[Brief]
Word for word, restate each of the records below.

[Provided data]
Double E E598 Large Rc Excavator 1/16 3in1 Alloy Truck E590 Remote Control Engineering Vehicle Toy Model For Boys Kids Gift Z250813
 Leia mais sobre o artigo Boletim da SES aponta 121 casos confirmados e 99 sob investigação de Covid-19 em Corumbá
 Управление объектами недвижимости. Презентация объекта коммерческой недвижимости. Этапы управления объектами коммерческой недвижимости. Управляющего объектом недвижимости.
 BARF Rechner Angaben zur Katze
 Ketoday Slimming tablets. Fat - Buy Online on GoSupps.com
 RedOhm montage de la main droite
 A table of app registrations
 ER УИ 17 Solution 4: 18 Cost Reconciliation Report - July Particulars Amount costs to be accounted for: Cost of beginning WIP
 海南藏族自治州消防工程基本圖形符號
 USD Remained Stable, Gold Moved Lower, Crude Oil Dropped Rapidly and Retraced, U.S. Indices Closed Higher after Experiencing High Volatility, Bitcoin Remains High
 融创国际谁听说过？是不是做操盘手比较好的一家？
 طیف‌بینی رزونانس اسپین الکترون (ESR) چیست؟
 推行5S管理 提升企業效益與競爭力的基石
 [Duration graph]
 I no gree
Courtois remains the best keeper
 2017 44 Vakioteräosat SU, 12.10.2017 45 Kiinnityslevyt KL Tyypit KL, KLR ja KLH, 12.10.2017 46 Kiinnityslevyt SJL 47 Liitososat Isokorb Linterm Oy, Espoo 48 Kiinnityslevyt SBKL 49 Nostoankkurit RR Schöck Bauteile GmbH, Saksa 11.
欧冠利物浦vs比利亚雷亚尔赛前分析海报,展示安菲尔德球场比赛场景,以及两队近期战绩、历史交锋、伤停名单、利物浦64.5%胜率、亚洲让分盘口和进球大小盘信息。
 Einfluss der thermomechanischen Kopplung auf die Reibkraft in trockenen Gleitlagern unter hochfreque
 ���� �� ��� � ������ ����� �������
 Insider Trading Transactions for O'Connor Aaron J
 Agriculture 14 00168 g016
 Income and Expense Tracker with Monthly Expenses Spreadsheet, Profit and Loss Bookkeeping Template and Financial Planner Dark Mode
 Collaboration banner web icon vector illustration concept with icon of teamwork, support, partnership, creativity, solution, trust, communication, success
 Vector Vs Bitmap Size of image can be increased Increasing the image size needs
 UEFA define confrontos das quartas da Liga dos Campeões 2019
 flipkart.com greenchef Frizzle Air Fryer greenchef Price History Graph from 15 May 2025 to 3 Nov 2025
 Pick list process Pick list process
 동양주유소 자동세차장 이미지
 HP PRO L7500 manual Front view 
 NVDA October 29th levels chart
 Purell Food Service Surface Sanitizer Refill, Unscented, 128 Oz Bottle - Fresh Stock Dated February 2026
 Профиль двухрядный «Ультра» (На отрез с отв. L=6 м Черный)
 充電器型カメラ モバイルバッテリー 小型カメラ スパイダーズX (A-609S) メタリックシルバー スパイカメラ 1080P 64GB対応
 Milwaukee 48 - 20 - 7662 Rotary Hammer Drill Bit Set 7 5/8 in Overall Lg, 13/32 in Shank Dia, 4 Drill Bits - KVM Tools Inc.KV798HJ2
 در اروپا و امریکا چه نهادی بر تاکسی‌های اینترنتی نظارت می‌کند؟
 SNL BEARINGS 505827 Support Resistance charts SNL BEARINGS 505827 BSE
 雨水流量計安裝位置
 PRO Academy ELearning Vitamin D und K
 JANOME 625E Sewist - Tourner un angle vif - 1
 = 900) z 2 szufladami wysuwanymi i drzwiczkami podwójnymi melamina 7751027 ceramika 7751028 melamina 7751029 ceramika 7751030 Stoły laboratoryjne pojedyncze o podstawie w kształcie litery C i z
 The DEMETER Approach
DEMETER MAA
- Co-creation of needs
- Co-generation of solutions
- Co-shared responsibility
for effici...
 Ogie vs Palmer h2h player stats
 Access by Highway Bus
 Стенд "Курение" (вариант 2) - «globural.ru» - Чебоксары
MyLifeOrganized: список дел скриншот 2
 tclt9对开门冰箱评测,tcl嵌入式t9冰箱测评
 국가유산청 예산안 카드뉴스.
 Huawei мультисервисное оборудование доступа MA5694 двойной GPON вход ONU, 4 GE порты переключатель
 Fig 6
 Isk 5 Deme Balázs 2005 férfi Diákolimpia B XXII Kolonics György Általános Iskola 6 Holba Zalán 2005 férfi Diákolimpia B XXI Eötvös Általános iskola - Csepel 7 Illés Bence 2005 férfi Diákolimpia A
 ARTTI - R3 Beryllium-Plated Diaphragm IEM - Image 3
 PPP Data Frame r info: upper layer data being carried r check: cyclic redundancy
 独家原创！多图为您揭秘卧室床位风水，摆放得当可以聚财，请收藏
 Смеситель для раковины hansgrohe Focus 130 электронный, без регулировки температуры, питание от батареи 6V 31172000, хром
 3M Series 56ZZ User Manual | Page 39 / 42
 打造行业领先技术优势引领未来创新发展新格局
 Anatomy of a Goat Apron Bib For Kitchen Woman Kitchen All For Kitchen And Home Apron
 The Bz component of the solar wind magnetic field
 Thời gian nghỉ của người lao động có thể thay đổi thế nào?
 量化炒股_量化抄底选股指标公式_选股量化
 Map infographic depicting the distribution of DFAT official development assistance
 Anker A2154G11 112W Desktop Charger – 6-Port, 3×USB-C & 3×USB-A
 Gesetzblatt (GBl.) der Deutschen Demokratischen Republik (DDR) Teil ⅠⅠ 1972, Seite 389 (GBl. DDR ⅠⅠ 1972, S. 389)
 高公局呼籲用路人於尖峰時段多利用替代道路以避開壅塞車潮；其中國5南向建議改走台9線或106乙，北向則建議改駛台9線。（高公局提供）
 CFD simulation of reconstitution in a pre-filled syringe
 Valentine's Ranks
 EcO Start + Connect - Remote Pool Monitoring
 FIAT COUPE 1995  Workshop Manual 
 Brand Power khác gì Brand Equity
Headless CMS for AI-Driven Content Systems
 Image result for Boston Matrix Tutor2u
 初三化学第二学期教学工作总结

[Exercise result]
Double E E598 Large Rc Excavator 1/16 3in1 Alloy Truck E590 Remote Control Engineering Vehicle Toy Model For Boys Kids Gift Z250813
 Leia mais sobre o artigo Boletim da SES aponta 121 casos confirmados e 99 sob investigação de Covid-19 em Corumbá
 Управление объектами недвижимости. Презентация объекта коммерческой недвижимости. Этапы управления объектами коммерческой недвижимости. Управляющего объектом недвижимости.
 BARF Rechner Angaben zur Katze
 Ketoday Slimming tablets. Fat - Buy Online on GoSupps.com
 RedOhm montage de la main droite
 A table of app registrations
 ER УИ 17 Solution 4: 18 Cost Reconciliation Report - July Particulars Amount costs to be accounted for: Cost of beginning WIP
 海南藏族自治州消防工程基本圖形符號
 USD Remained Stable, Gold Moved Lower, Crude Oil Dropped Rapidly and Retraced, U.S. Indices Closed Higher after Experiencing High Volatility, Bitcoin Remains High
 融创国际谁听说过？是不是做操盘手比较好的一家？
 طیف‌بینی رزونانس اسپین الکترون (ESR) چیست؟
 推行5S管理 提升企業效益與競爭力的基石
 [Duration graph]
 I no gree
Courtois remains the best keeper
 2017 44 Vakioteräosat SU, 12.10.2017 45 Kiinnityslevyt KL Tyypit KL, KLR ja KLH, 12.10.2017 46 Kiinnityslevyt SJL 47 Liitososat Isokorb Linterm Oy, Espoo 48 Kiinnityslevyt SBKL 49 Nostoankkurit RR Schöck Bauteile GmbH, Saksa 11.
欧冠利物浦vs比利亚雷亚尔赛前分析海报,展示安菲尔德球场比赛场景,以及两队近期战绩、历史交锋、伤停名单、利物浦64.5%胜率、亚洲让分盘口和进球大小盘信息。
 Einfluss der thermomechanischen Kopplung auf die Reibkraft in trockenen Gleitlagern unter hochfreque
 ���� �� ��� � ������ ����� �������
 Insider Trading Transactions for O'Connor Aaron J
 Agriculture 14 00168 g016
 Income and Expense Tracker with Monthly Expenses Spreadsheet, Profit and Loss Bookkeeping Template and Financial Planner Dark Mode
 Collaboration banner web icon vector illustration concept with icon of teamwork, support, partnership, creativity, solution, trust, communication, success
 Vector Vs Bitmap Size of image can be increased Increasing the image size needs
 UEFA define confrontos das quartas da Liga dos Campeões 2019
 flipkart.com greenchef Frizzle Air Fryer greenchef Price History Graph from 15 May 2025 to 3 Nov 2025
 Pick list process Pick list process
 동양주유소 자동세차장 이미지
 HP PRO L7500 manual Front view 
 NVDA October 29th levels chart
 Purell Food Service Surface Sanitizer Refill, Unscented, 128 Oz Bottle - Fresh Stock Dated February 2026
 Профиль двухрядный «Ультра» (На отрез с отв. L=6 м Черный)
 充電器型カメラ モバイルバッテリー 小型カメラ スパイダーズX (A-609S) メタリックシルバー スパイカメラ 1080P 64GB対応
 Milwaukee 48 - 20 - 7662 Rotary Hammer Drill Bit Set 7 5/8 in Overall Lg, 13/32 in Shank Dia, 4 Drill Bits - KVM Tools Inc.KV798HJ2
 در اروپا و امریکا چه نهادی بر تاکسی‌های اینترنتی نظارت می‌کند؟
 SNL BEARINGS 505827 Support Resistance charts SNL BEARINGS 505827 BSE
 雨水流量計安裝位置
 PRO Academy ELearning Vitamin D und K
 JANOME 625E Sewist - Tourner un angle vif - 1
 = 900) z 2 szufladami wysuwanymi i drzwiczkami podwójnymi melamina 7751027 ceramika 7751028 melamina 7751029 ceramika 7751030 Stoły laboratoryjne pojedyncze o podstawie w kształcie litery C i z
 The DEMETER Approach
DEMETER MAA
- Co-creation of needs
- Co-generation of solutions
- Co-shared responsibility
for effici...
 Ogie vs Palmer h2h player stats
 Access by Highway Bus
 Стенд "Курение" (вариант 2) - «globural.ru» - Чебоксары
MyLifeOrganized: список дел скриншот 2
 tclt9对开门冰箱评测,tcl嵌入式t9冰箱测评
 국가유산청 예산안 카드뉴스.
 Huawei мультисервисное оборудование доступа MA5694 двойной GPON вход ONU, 4 GE порты переключатель
 Fig 6
 Isk 5 Deme Balázs 2005 férfi Diákolimpia B XXII Kolonics György Általános Iskola 6 Holba Zalán 2005 férfi Diákolimpia B XXI Eötvös Általános iskola - Csepel 7 Illés Bence 2005 férfi Diákolimpia A
 ARTTI - R3 Beryllium-Plated Diaphragm IEM - Image 3
 PPP Data Frame r info: upper layer data being carried r check: cyclic redundancy
 独家原创！多图为您揭秘卧室床位风水，摆放得当可以聚财，请收藏
 Смеситель для раковины hansgrohe Focus 130 электронный, без регулировки температуры, питание от батареи 6V 31172000, хром
 3M Series 56ZZ User Manual | Page 39 / 42
 打造行业领先技术优势引领未来创新发展新格局
 Anatomy of a Goat Apron Bib For Kitchen Woman Kitchen All For Kitchen And Home Apron
 The Bz component of the solar wind magnetic field
 Thời gian nghỉ của người lao động có thể thay đổi thế nào?
 量化炒股_量化抄底选股指标公式_选股量化
 Map infographic depicting the distribution of DFAT official development assistance
 Anker A2154G11 112W Desktop Charger – 6-Port, 3×USB-C & 3×USB-A
 Gesetzblatt (GBl.) der Deutschen Demokratischen Republik (DDR) Teil ⅠⅠ 1972, Seite 389 (GBl. DDR ⅠⅠ 1972, S. 389)
 高公局呼籲用路人於尖峰時段多利用替代道路以避開壅塞車潮；其中國5南向建議改走台9線或106乙，北向則建議改駛台9線。（高公局提供）
 CFD simulation of reconstitution in a pre-filled syringe
 Valentine's Ranks
 EcO Start + Connect - Remote Pool Monitoring
 FIAT COUPE 1995  Workshop Manual 
 Brand Power khác gì Brand Equity
Headless CMS for AI-Driven Content Systems
 Image result for Boston Matrix Tutor2u
 初三化学第二学期教学工作总结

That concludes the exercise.